From
Planet Ark:
American consumers are driving bigger gas-guzzling cars and buying more air conditioners and refrigerators as the overall energy efficiency of such products improves.... In what the study calls "the efficiency paradox," consumers have taken money saved from greater energy efficiency and spent it on more and bigger appliances and vehicles, consuming even more energy in the process.
"While seemingly perverse, improvements in energy efficiency result in more of the good being consumed -- not less," said Jeff Rubin, chief economist and chief strategist at CIBC World Markets, which conducted the study. The study concludes that stricter energy efficiency regulations aren't the answer to concerns over climate change and the depletion of oil supplies.

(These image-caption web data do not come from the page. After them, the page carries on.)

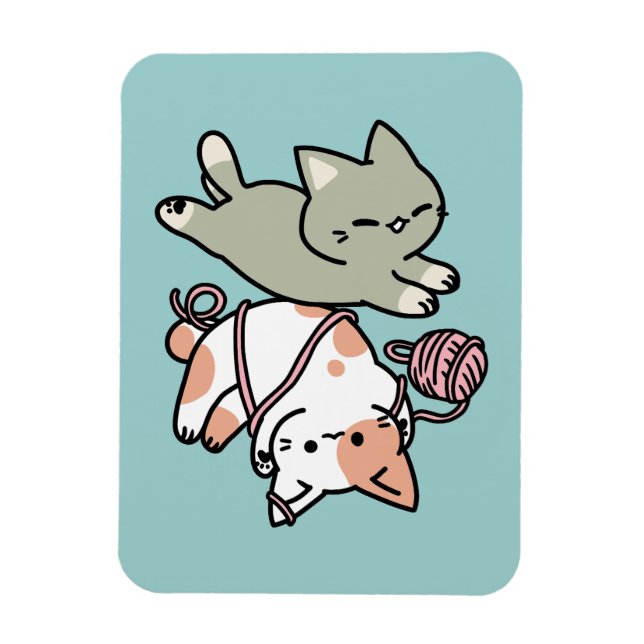 Paws and Play – Adorable Cat Illustration Magnet (Vertical)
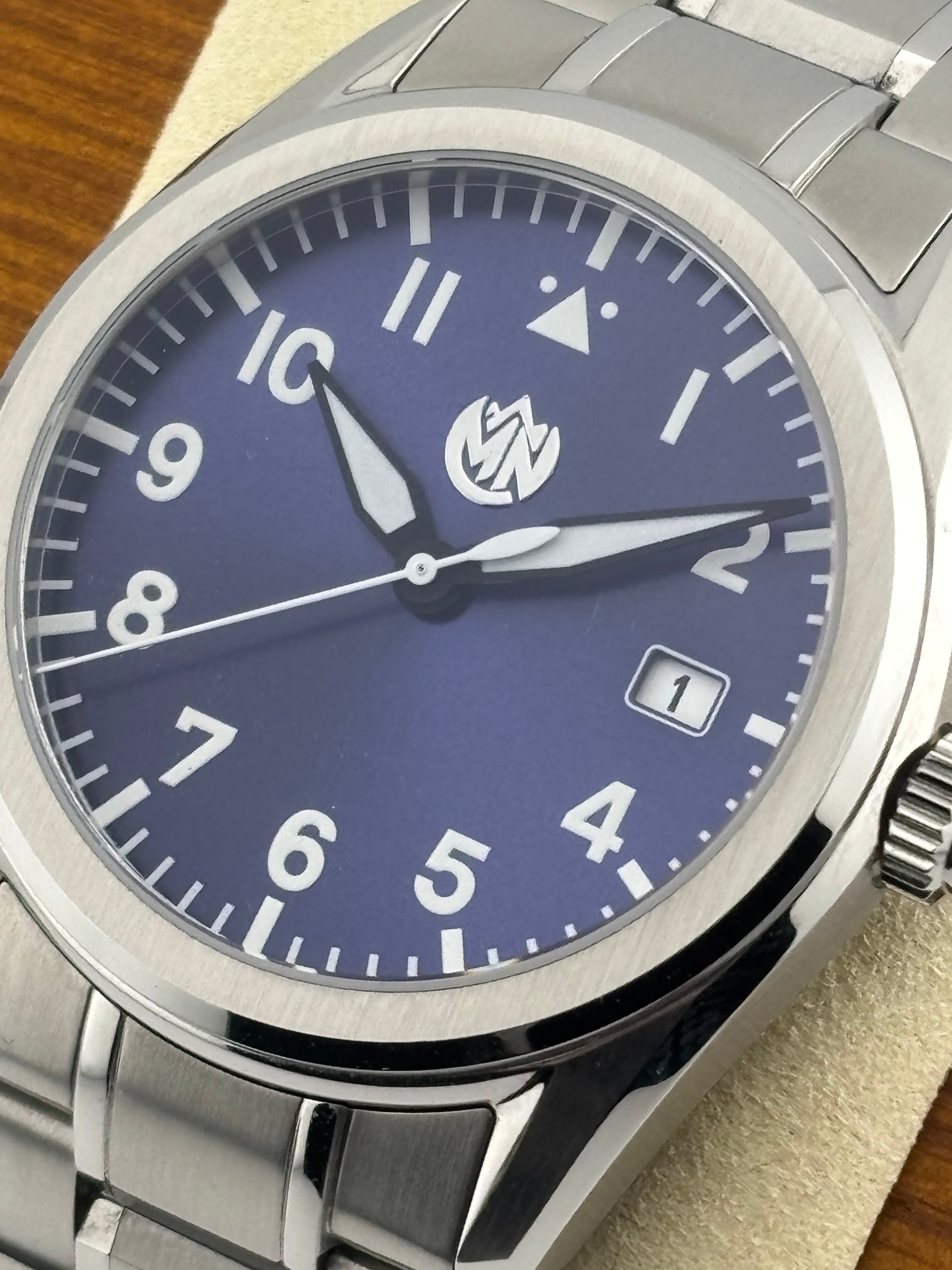 MN Watches luxury mechanical sports watch with sunburst dial, stainless steel case & bracelet
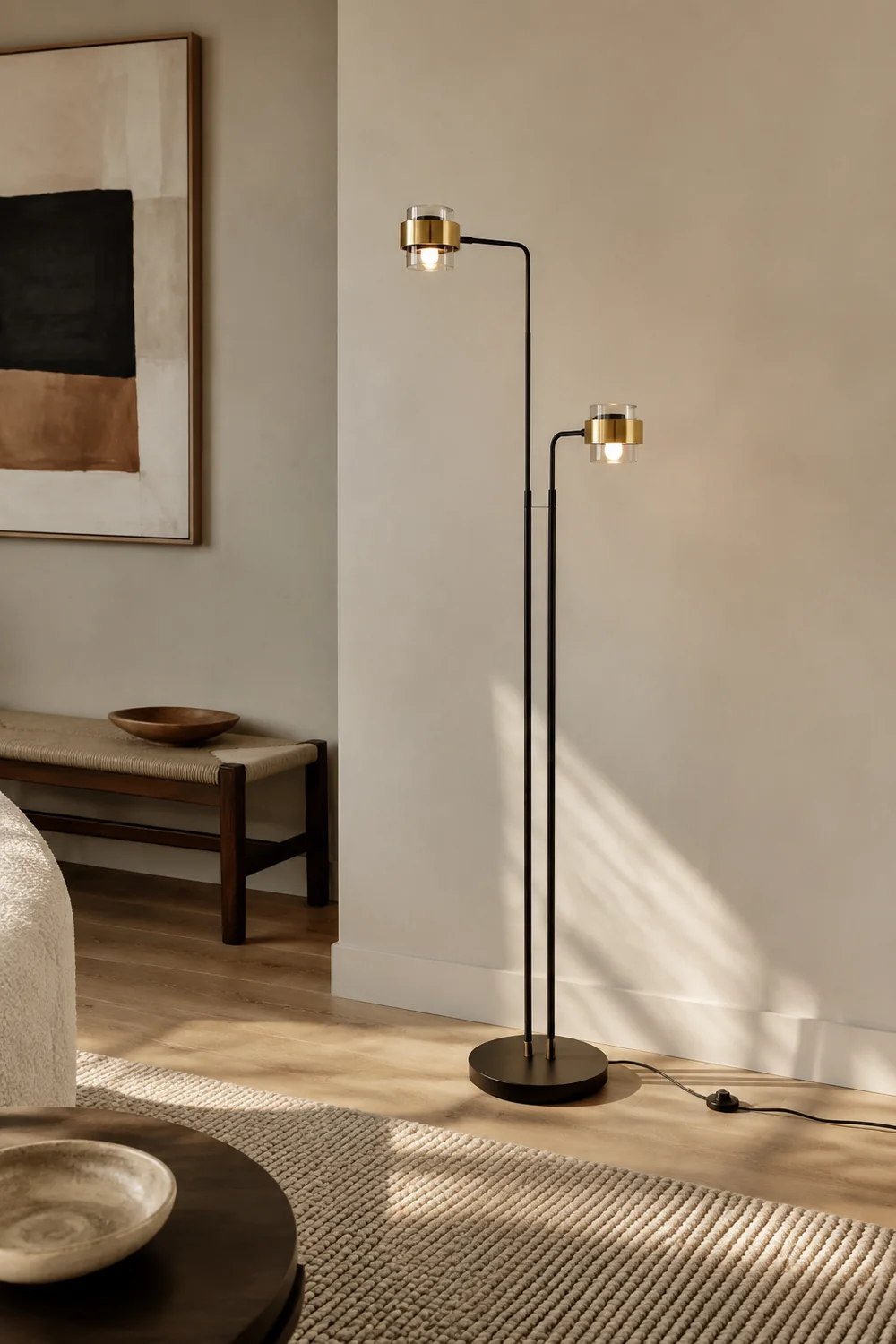 Salgado Schwarze Stehlampe, Metall, 2-flammig, 170CM Lang - Lumpaz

Exactly. Efficiency is not an end in itself; it's a means to an end, and governments would do better to target such ends rather than what they think is the best way of achieving them. This confusion bedevils government policy in many other areas: rather than target literacy, they target class sizes; rather than target unemployment, they introduce corrupt and wasteful import barriers; they rather than target global peace they pile up ever more weapons... the list goes on. "The problem is, energy efficiency is not the final objective," Rubin said. Indeed. Martin Wolf, of the Financial Times
agrees. Discussing climate change he says:
Yes, we have a moral obligation to consider both the poor and future generations. Yes, the fact that the changes in the composition of the atmosphere are, to all intents and purposes, irreversible makes early and effective action essential. But acceptance of these points will not be sufficient to obtain meaningful action, instead of pious aspirations and much pretence. A good example of the latter is the proposition that it is enough to lower the carbon intensity of output. Alas, it is not, unless the reduction is very large indeed.